Early Aerial Recon

Not long after the end of World War 1 in 1918, the Chief Forester for the U.S. Forest Service, Henry S. Graves, contacted the Chief of the Army Air Service--later known as the Army Air Corps--inquiring about the possibility of cooperating with the Forest Service for the purpose of providing aerial fire detection over some of the forests of the Western States.

Col. Hap Arnold, who would later become head of the U.S. Army Air Force during WW II, was in charge of the Western Department of the U.S. Air Service at the time and did much to help initiate aerial fire patrols. The Missoula Sentinel paper of Missoula, Montana on Saturday, May 17, 1919 had this comment: "District No. 5 Establishes Patrol Over Angeles Forest; Will Be Extended, if Successful, as Expected. Officials of District No. 1 of the forest service have received word of the establishment of the first air patrol of national forests, to begin June 1, making the sky pilot who will give early warning of fires a reality at last. The initial patrol will be established over the Angeles forest, in district No. 5, which is located conveniently near the army balloon school at Arcadia, Cal...This will be the beginning of experimental work in which the adaptability of aircraft to forest patrol work is to be tried out thoroughly. If the tests prove as successful as it is thought that they will be, it is expected that the airplane patrols will be extended before the end of the 1919 season and that airplanes will become a permanent feature of the forest service forces."

Aerial fire patrols in Region 1 (Montana, Idaho, and eastern Washington at the time), began in 1925. The Spokane Chronicle, June 25th, 1925, said: "Lieutenant Nick B. Mamer of Spokane today received appointment as forest fire patrol pilot for eastern Washington, northern Idaho and western Montana. He will leave Spokane tomorrow night for Rockwell Field, San Diego, to get his Liberty-motored deHaviland Airplane which will be used on the patrol..." The Army Air Corps (name changed from Army Air Service in 1925) had loaned two DH-4 deHaviland aircraft to the U. S. Forest Service for use on fire patrols out of Spokane. The other pilot at that time was R. T. Freng.

Nick Mamer was a legendary pilot, who had served with the U.S. Air Service during WW I, and later settled in Spokane, establishing the Mamer Flying Service and Mamer Air Transport firms. He taught Bob Johnson of the Johnson Flying Service of Missoula how to fly. During the time that he flew aerial fire patrols he never experienced a forced landing.

On August 15, 1929 he undertook a transcontinental non-stop flight, with Art Walker acting as mechanic and refueling hoseman, in a Buhl aircraft named the "Spokane Sun-God". The flight progressed from Spokane to San Francisco, on to New York and back to Spokane five days later. Aerial refueling was accomplished at a number of points along the flight path (one was over Missoula on the return trip). Mamer and Walker did not sleep during those five days aloft. They set a number of records, one of which was a world's record non-stop flight of 7,200 miles.

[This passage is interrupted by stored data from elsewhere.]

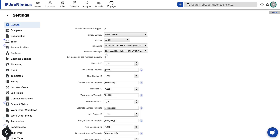The new sales experience streamlines the estimation process, offering speed and precision in creating estimates. By optimizing your workflow, you can produce more proposals, enhancing your chances of securing projects through competitive bids and confident presentations.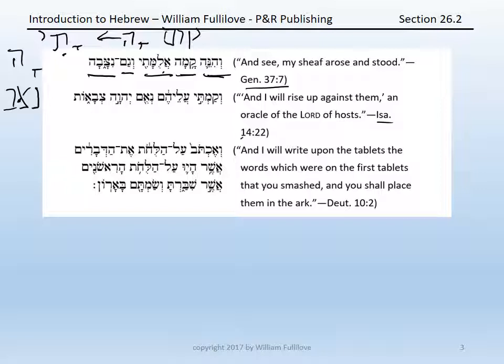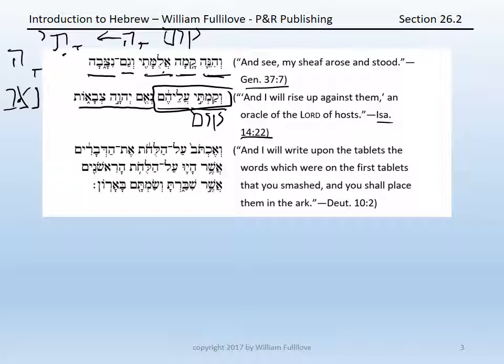Second example, Isaiah 14:22: v'qamti alehem n'um Adonai Tsvaot. So vav plus qamti — a vav-converted perfect, first common singular of the root qum — 'and I will rise up.' Alehem is the preposition al plus the third masculine plural suffix, 'against them': 'and I will rise up against them.' N'um Adonai Tsvaot: n'um, 'an oracle of,' the Lord, Tsvaot, 'of hosts' — a feminine plural formation.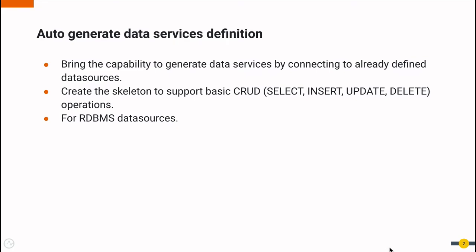With this feature, it makes life easier by quickly generating data services for an already defined data source. This data service would be generated to support basic CRUD operations, which are Select, Insert, Update and Delete. This support is available for RDBMS type data sources.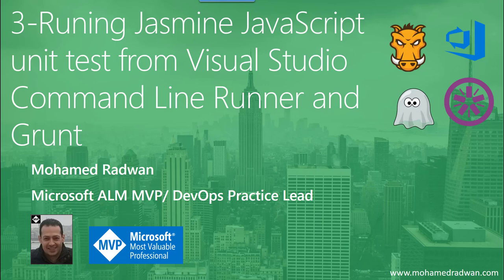Hello everyone, my name is Mohammed Radwan. I'm a Visual Studio ALM MVP and DevOps practice lead. In this video, to continue our series, we are going to see how to run JavaScript Jasmine unit testing from Visual Studio command-line runner and Grunt. In the previous video we saw how to run that from the command line.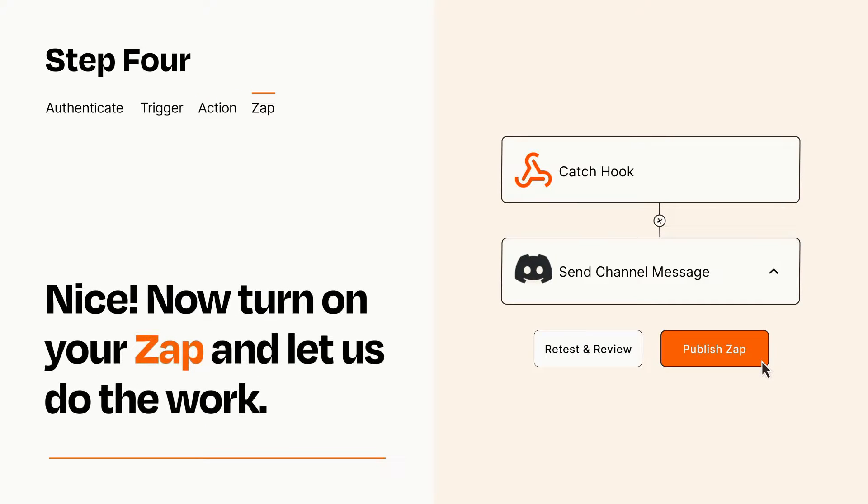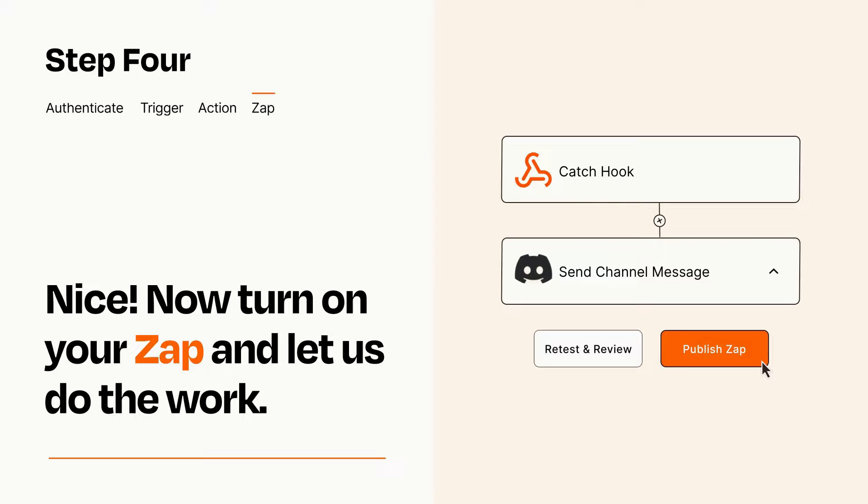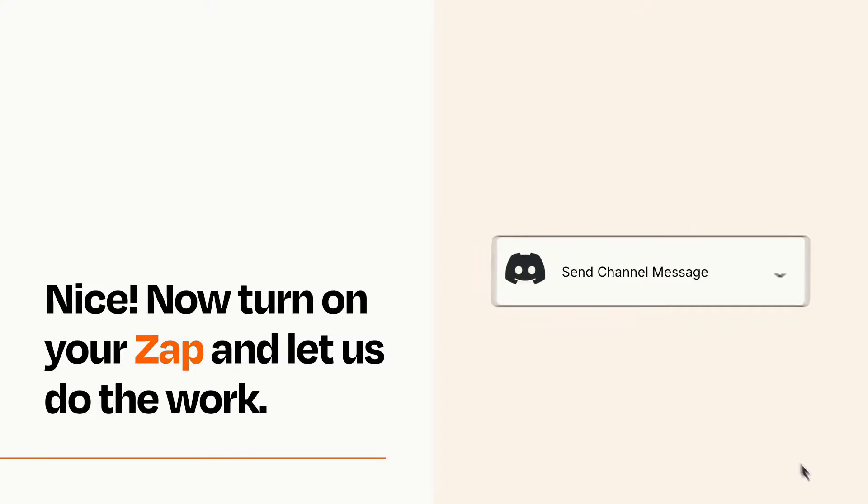Turn on your Zap and Zapier will start doing your work for you. Zapier can be as simple or as complex as you'd like and connects with thousands of apps, more than any other platform.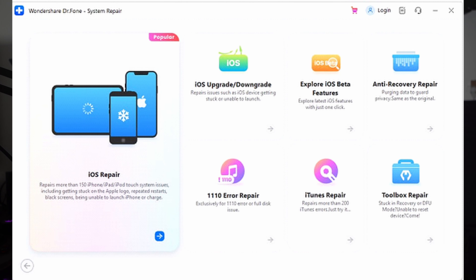Download and launch the latest version of Wondershare Dr. Phone on your computer and connect your iPhone 15 with it using a USB-C cable. From the main interface of Dr. Phone, click on the Toolbox option from the left side tool panel. This will give you access to different options from which you are required to choose 'System Repair' and then select 'iPhone' in the next window as the type of device. Afterward, tap the 'iOS Repair' option and select 'Standard Repair' as your repairing mode.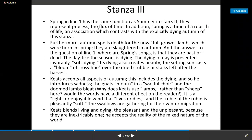Spring in line one has the same function as summer in stanza one — they represent process, the flux of time. In addition, spring is a time of rebirth of life, an association that contrasts with explicitly dying autumn. Furthermore, autumn spells death for the now full-grown lambs which were born in spring.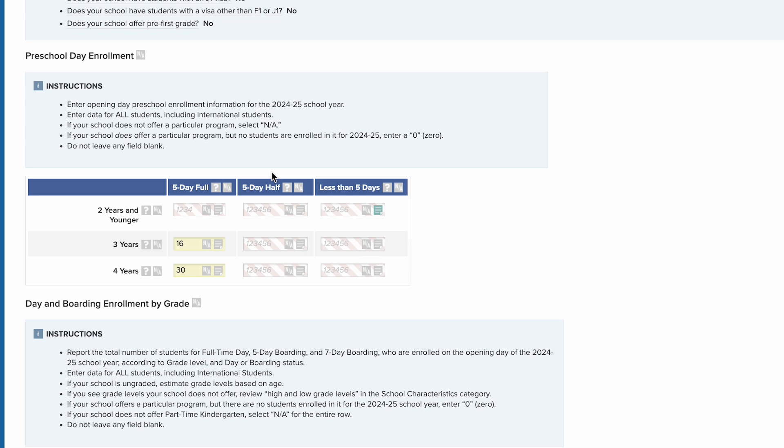To find definitions relevant to a data point, mouse over the question mark icon for that row, column, or section of data.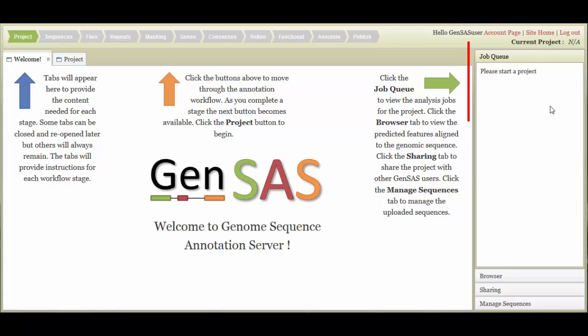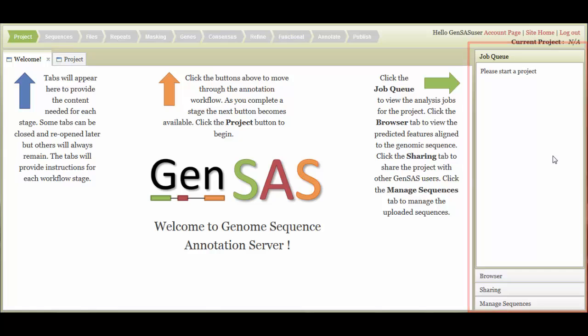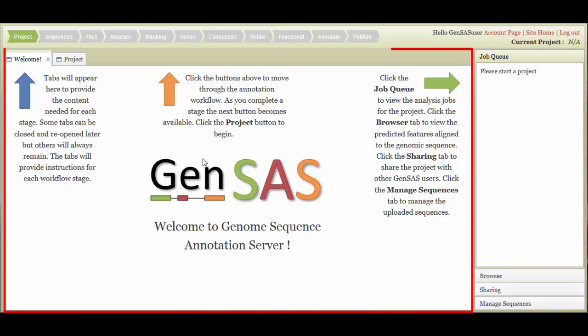On the right side is an accordion menu that lets you view the job queue, open the integrated WebApollo and JBrowse, share your project, and manage uploaded DNA sequences. The last area is the tab region, and this is the main work area for annotating with GenSaaS.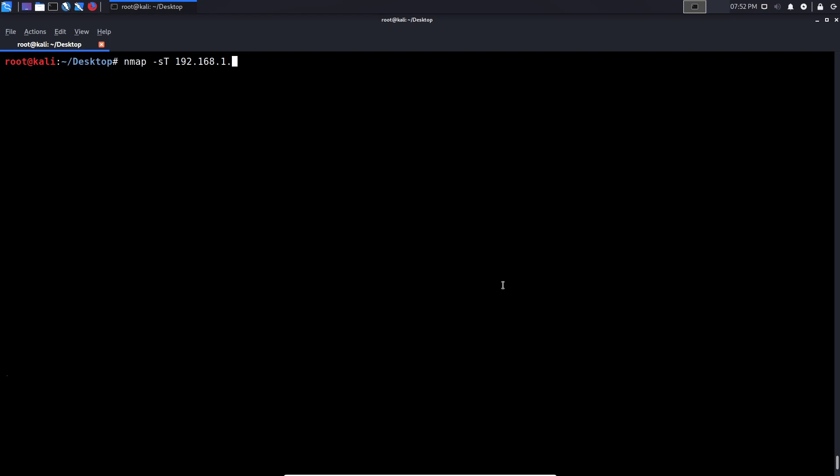And then we type in the IP address. So 192.168.1.38. Now, in this case, I don't want to waste too much time with the scanning process. So I'll limit the ports to port 21. And I'll limit the port to maybe something like 8080. And it's only going to scan for services or the ports between that range. So I can just hit enter. And we're going to let that scan run. And of course, this is going to take time because as I said, it's connecting to every port and it's establishing the three way handshake on every port. So I'm going to let this scan complete.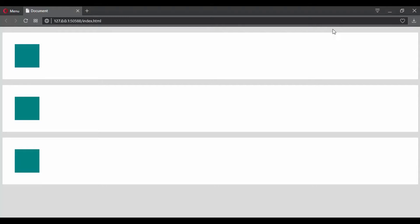In the previous videos, you learned that you can use the transition timing function to control the speed of your transition. And we did this using keywords like ease or ease-out or ease-in and more.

During the period 1925-1935 Forest Inspector Howard R. Flint and Nick Mamer were inseparably connected with the pioneering of aerial activities in the Northern Rocky Mountain Region. Then on January 10, 1938, while flying as a chief pilot for Northwest Airlines on a Lockheed Model 14-H Super Electra during a flight from Seattle to Minneapolis, parts of the tail section were torn from the aircraft while over the Bridger Range about 15 miles northeast of Bozeman, Montana and the plane went into a dive. Mamer, copilot Fred West and eight passengers died instantly. There wasn't any stewardess on the plane. Later, an investigation revealed that the tail structure had failed on the new design from what is known as "natural resonance, or period of vibration". So ended the life of one of the very first aerial fire patrol pilots in the northwest, a pilot who at one time was known as "Mr. Spokane Aviation".

Howard Flint became ill while on a trip down the Salmon River in Idaho with a National Geographic expedition in 1935. He was flown out of a small, dangerous strip-Mackey Bar--along the river by Dick Johnson in a Travel Air, but died shortly after at Missoula on October 14th of that year. R. T. Freng, who, along with Nick Mamer, flew aerial patrols out of Spokane beginning in 1925, passed away at Palo Alto, California July 23, 1952.

It was during 1925-1935 when aerial photography in the Forest Service expanded from a small experimental stage to large-scale production. Cargo dropping from aircraft was first employed on actual fires in 1929 and became a very practical means of supplying and resupplying fire fighters about five years later.